Supporting civil and human rights for all students, teachers and members of society is not new to CTA. It was among the first organizations to denounce the practice of segregated schools, to call for the passage of child labor laws, and to oppose the internment of Japanese-Americans during World War II. None of those causes were popular during their time, but CTA took a stand because it was the right thing to do.
Union members marched with César Chávez as he fought for the rights of farm workers. At the same time, CTA helped to establish schools for children of migrant workers, and in 1967 led the authorization of bilingual instruction classes for students still learning to speak English.

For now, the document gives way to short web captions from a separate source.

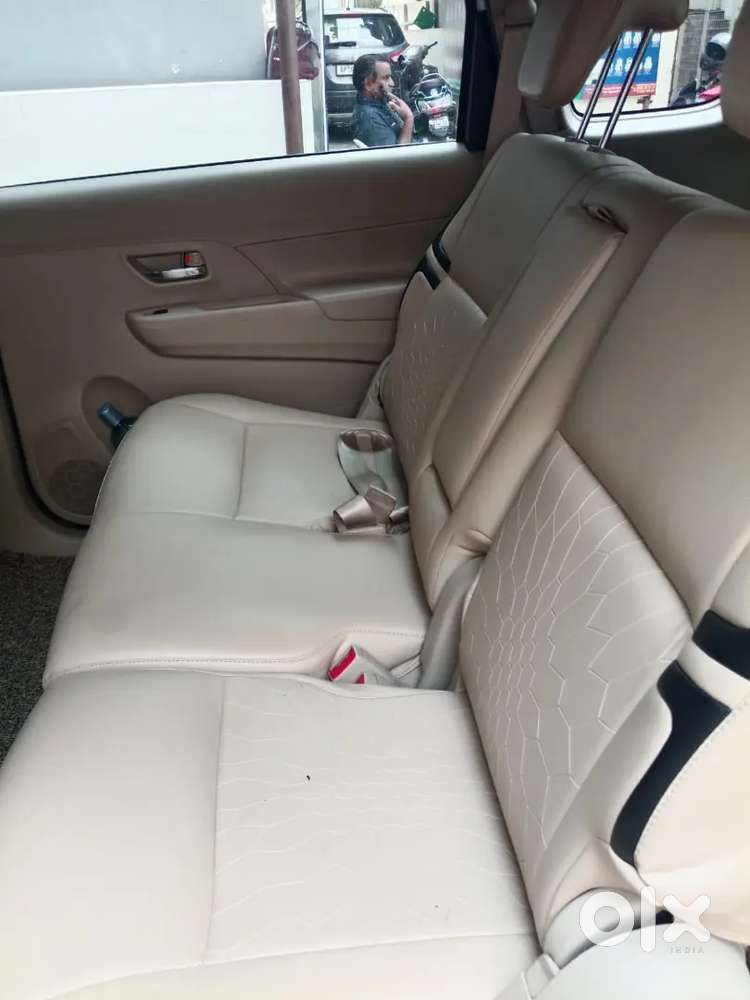 Maruti Suzuki Ertiga 2024 Petrol Manual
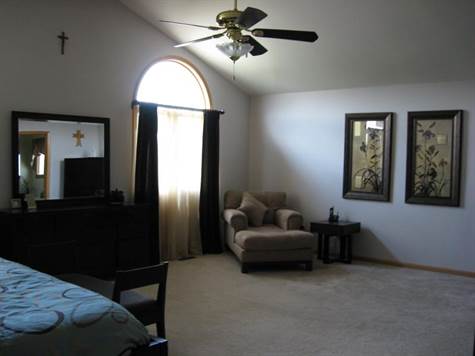 CATHEDRAL CEILING & CEILING FAN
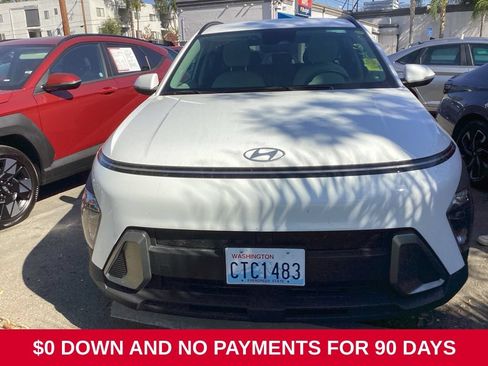 Used 2025 Hyundai Kona SEL FWD image 2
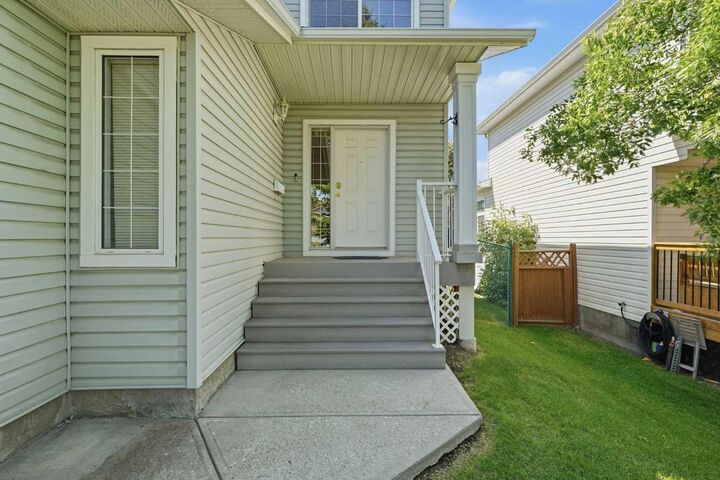 Property Photo:  5 Sheep River Link  AB T1S 1S2 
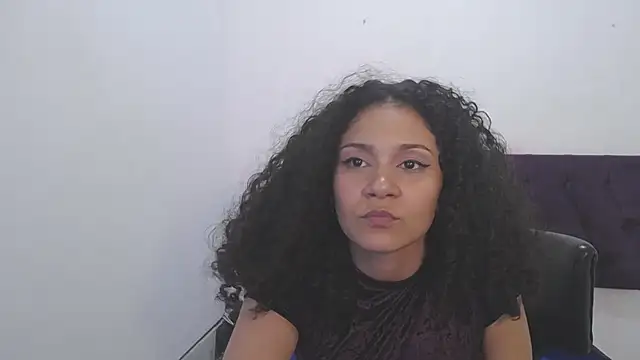 Živý XXX chat Little18Doll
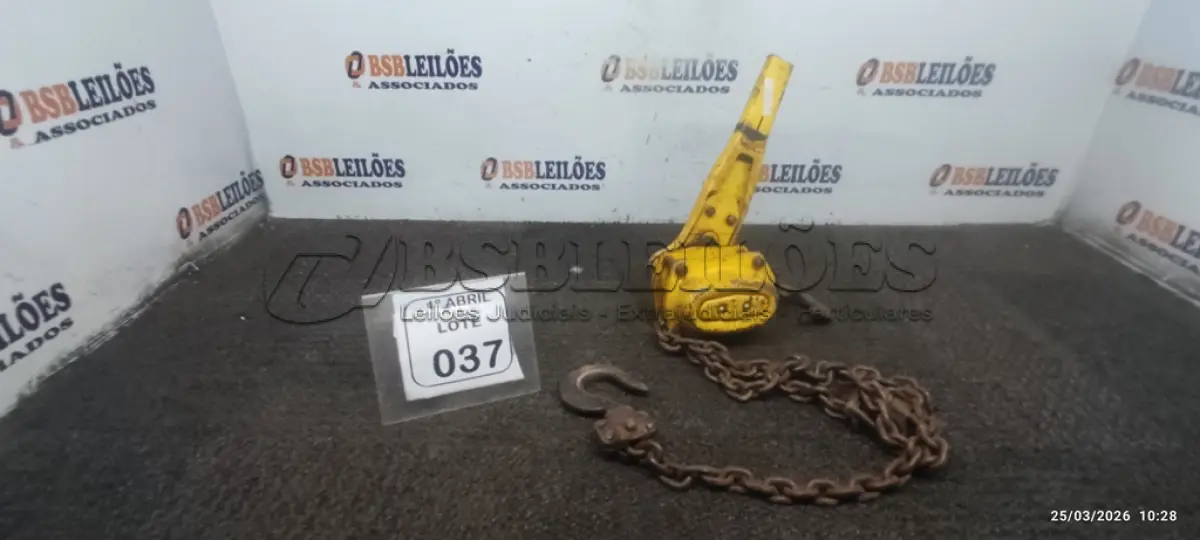 LOTE 037 - 01 TALHA MANUAL DE ALAVANCA. (NO ESTADO) ATENÇÃO! FAZER A VISITAÇÃO ANTES DE ARREMATAR, NÃO SABEMOS SE FUNCIONA, LEILÃO NÃO TEM GARANTIA E NEM DEVOLUÇÃO, SUJEITO A POSSÍVEIS AVARIAS VISÍVEIS/OCULTAS E/OU AUSÊNCIA DE COMPONENTES.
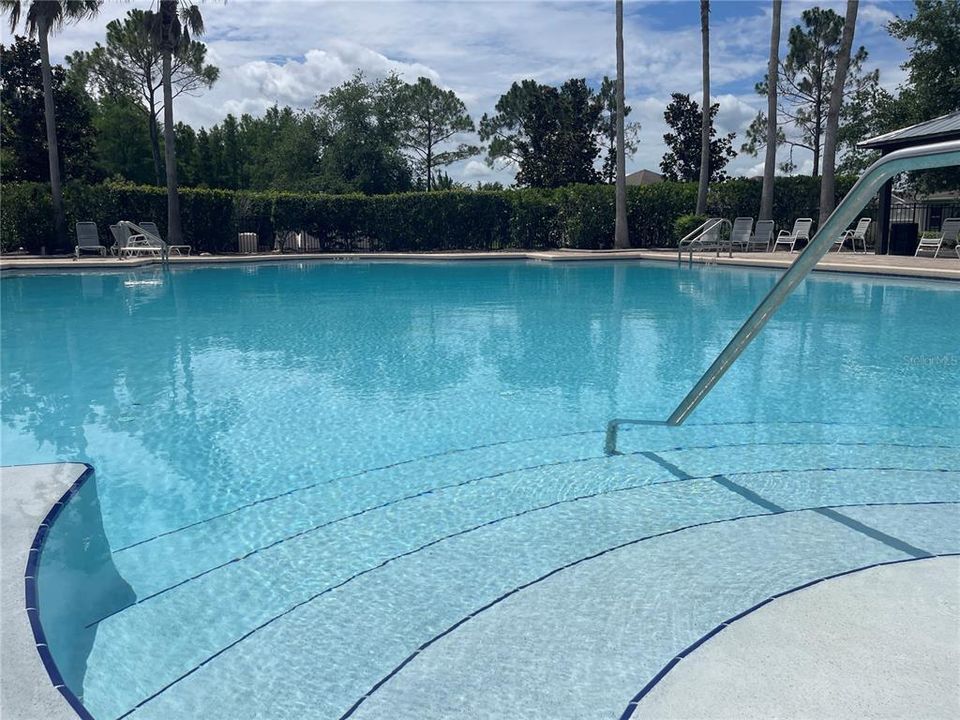For Rent: $3,100 (6 beds, 4 baths, 3545 Square Feet)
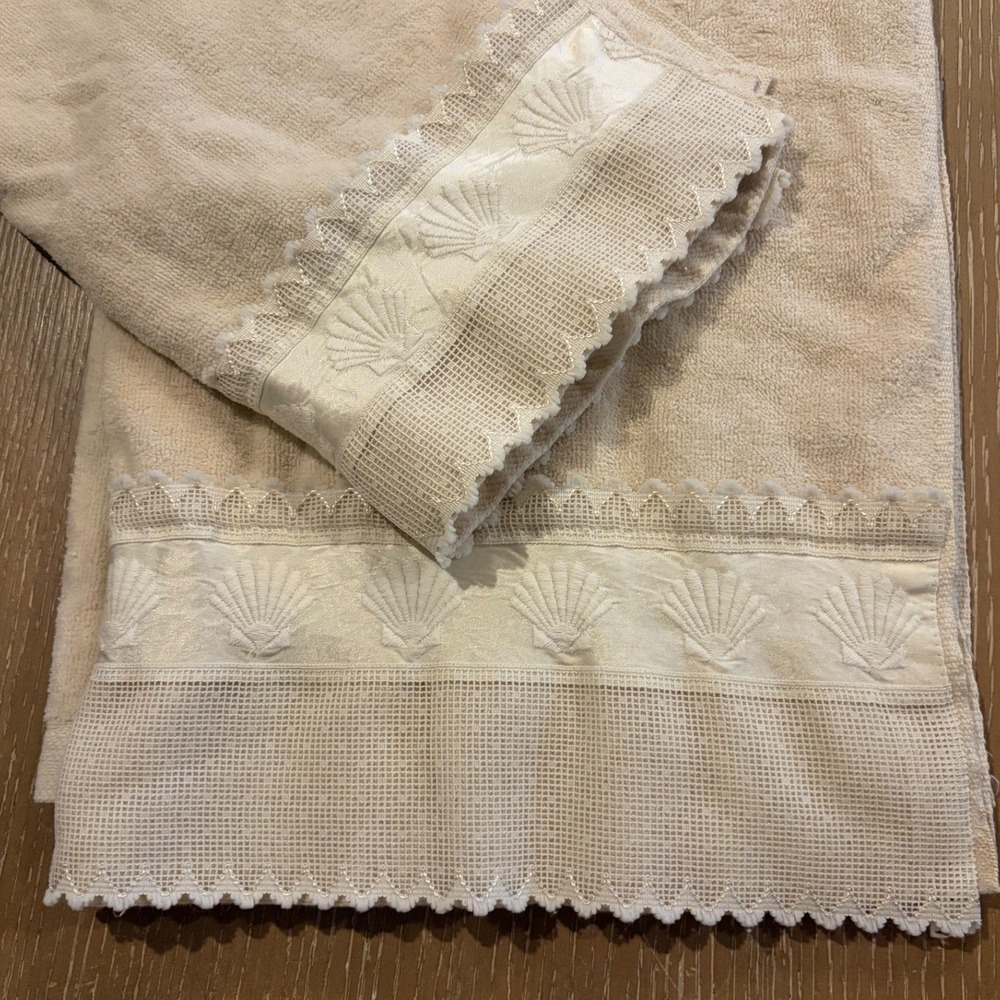 Vintage 2pc Bath & Hand Towel Set Ivory Seashell Lace Coastal Cottage Decor
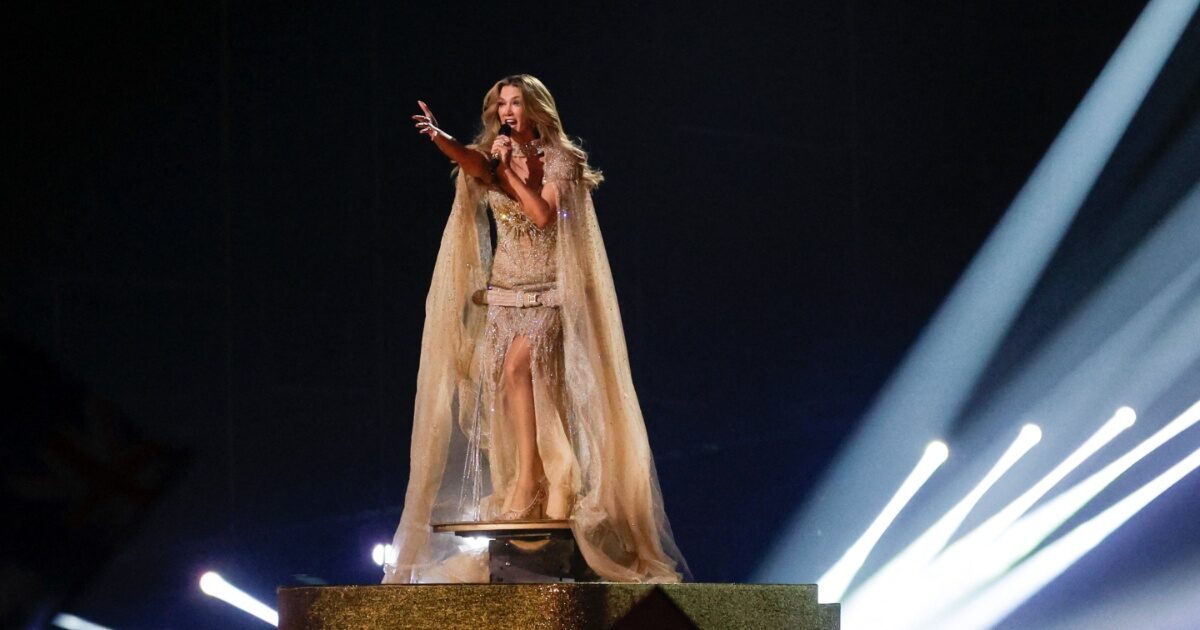 Eurovision 2026: Η Delta Goodrem από την Αυστραλία ξεσήκωσε το στάδιο – Το σχόλιο του Γιώργου Καπουτζίδη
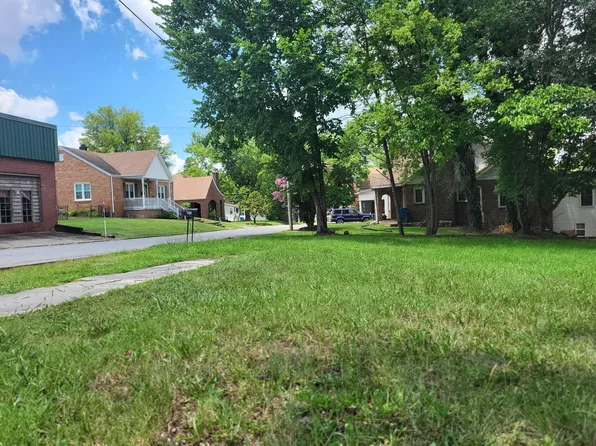 1 Maple Dr, Camden, TN 38320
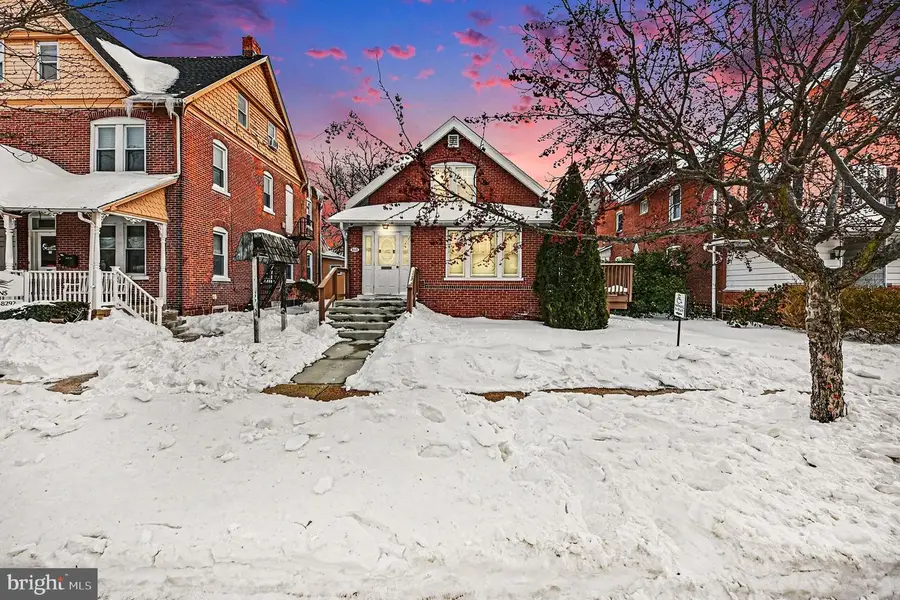 513 N Broad St, Lansdale, PA 19446 - Image #2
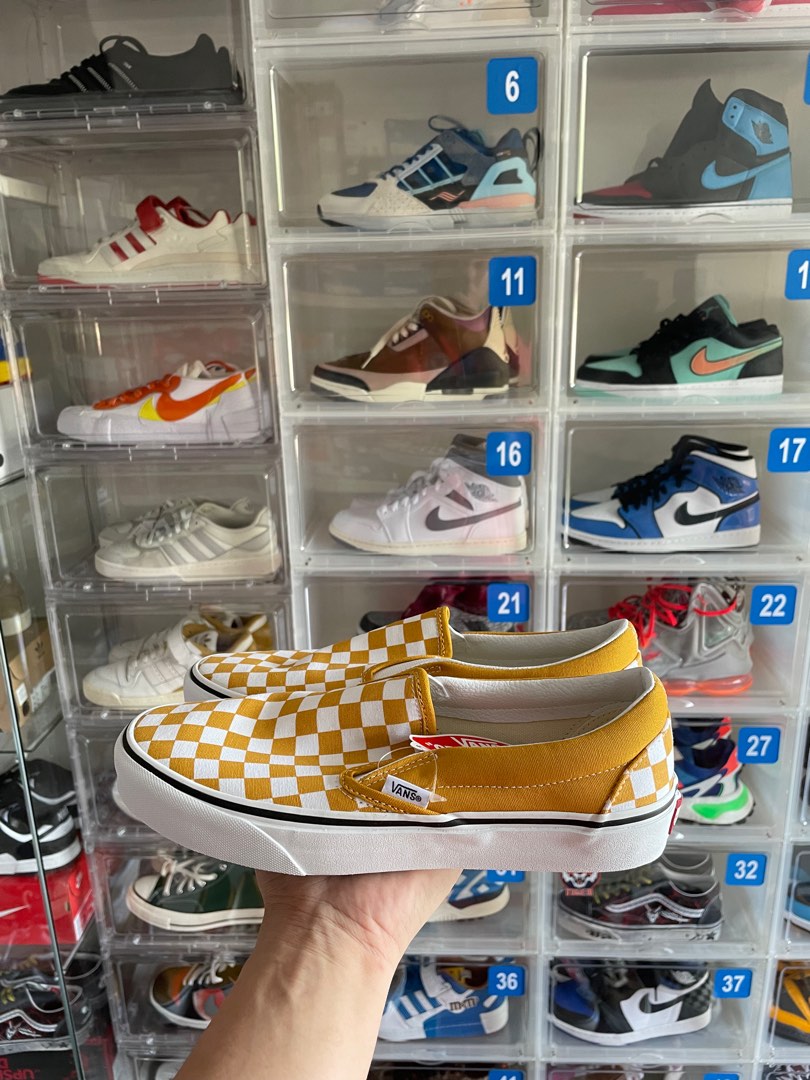 Vans Classic slip o Men s Fashion Footwear Sneakers on Carousell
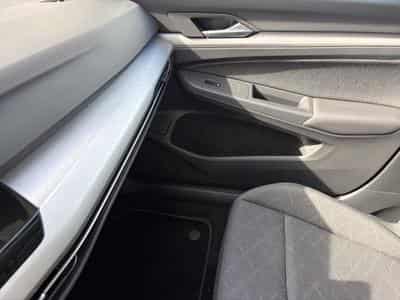 VW Golf VIII 1.0 TSI 96kW Life (2023) - Photo 14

CTA opposed a ballot initiative in 1994 that would deny undocumented immigrants social services, health care and public education, and in 1996, CTA opposed Ward Connerly's initiative that abolished affirmative action in California colleges.
The association came out early against the Briggs initiative, California's Proposition 6 in 1978, which would have banned gays and lesbians from working in California's public schools.
CTA weighed in on marriage almost a century ago. One of CTA's radical victories came in 1927 when the state Supreme Court ruled that a school board couldn't fire a female teacher simply because she got married.
More recently, in November 2008, CTA State Council of Education voted to oppose Proposition 8, the initiative that eliminated equal marriage rights for one group of Californians.
"Our mission statement says we will do our best to create a more equitable and just society," says Myndi Hardgrave, vice president of the Hanford Secondary Educators Association and the Tulare/Kings Service Center Council chair. "This is clearly a human rights issue. We would have been remiss not to get involved."
The stance generated headlines and controversy. Some CTA members disagreed with the decision. Some members were grateful because they continue to face prejudice, discrimination and even hate crimes for who they are. Other members supported the decision for the betterment of public education, because their students continue to be bullied, harassed, assaulted and, sadly, even killed at school on the basis of their sexual orientation.
"I don't believe anyone should be discriminated against," says Travis Nelson of the Fairfield-Suisun Unified Teachers Association. "I am proud to belong to a union that supports equal rights for everyone."